Extreme drought in southern B.C. taking devastating toll on life in water and on land
With no rain in parts of southern B.C. since June, salmon, crops struggle to survive
What was once a steady stream of cool, clear water had become a patch of shallow, muddy puddles.
Inside these remaining pools not far from the town of Squamish, B.C., three-month-old salmon the size of small french fries were struggling to survive. Its name — Swift Creek — belies its current state, with large sections having dried up due to drought.
Luckily, two members of the conservation group Squamish Streamkeepers Society came to the rescue.
At one end of a puddle only a few centimetres deep, Jack Cooley deployed a fine mesh net about two metres across. Another volunteer, Patrick MacNamara, started at the other, splashing the water to scare the fry into the net.
Saving tiny salmon fry
"There's some wee tiny ones," MacNamara said, as the coho salmon darted out of his way.

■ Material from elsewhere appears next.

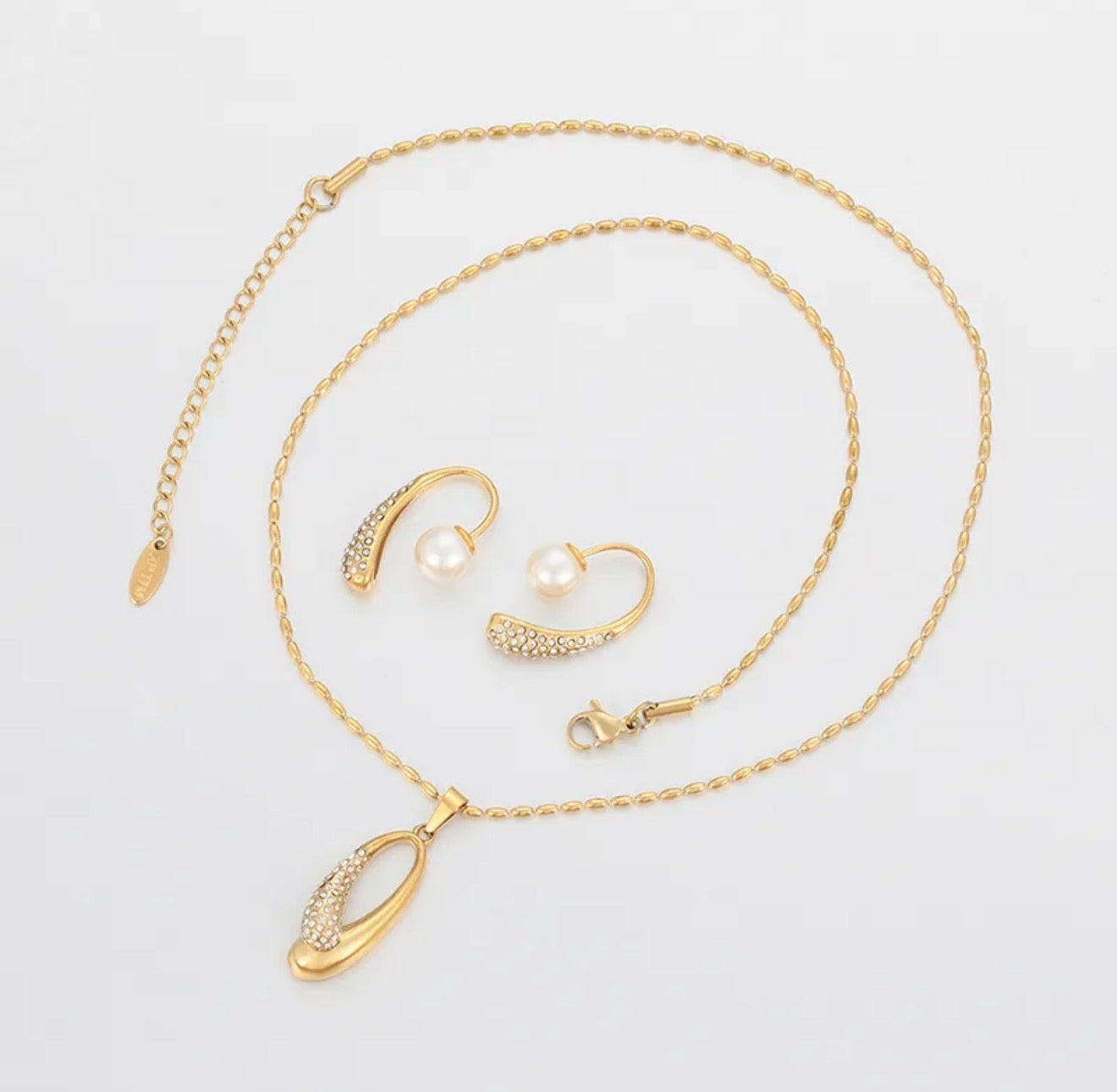 Soft Shine Pearl set 18k gold plated stainless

Soon they were scooped up and placed into a bucket with clean water, complete with a battery-powered pump to keep it aerated.
Within a couple of weeks, and no rain expected, he said, this area would be completely dry.
"I think it's crucial, I do, otherwise they would just die," Cooley said of the effort to capture the fish and move them somewhere safer.
Cooley used to be an avid recreational salmon fisher, but he now spends his time trying to keep wild fish alive in streams like this one.
"We got 1,000 today and 1,000 yesterday. We'll probably get 5,000 fish before we're finished."
The lack of rain since mid-June in the Vancouver region is breaking records and has led to steadily decreasing water levels in many parts of the province.
Spawning salmon are also at risk because warm water, coupled with low stream flows, can stress out the fish, leading to high mortality at a time when low numbers of salmon are expected to return to B.C.'s rivers.
The province's largest salmon river, the Fraser, is warmer than usual and has 27 per cent less water than normal, according to the federal Department of Fisheries and Oceans.
Dust flies on farms
On the other side of the province, in the West Kootenay region, the dust is flying at Matthew Carr's normally lush organic farm. It, too, is in a Level 4 drought, the second-highest danger level on B.C.'s drought scale.
"Our soil has become hydrophobic; it's very dusty, airy and light. It's very difficult to walk or pull carts through the field," he said.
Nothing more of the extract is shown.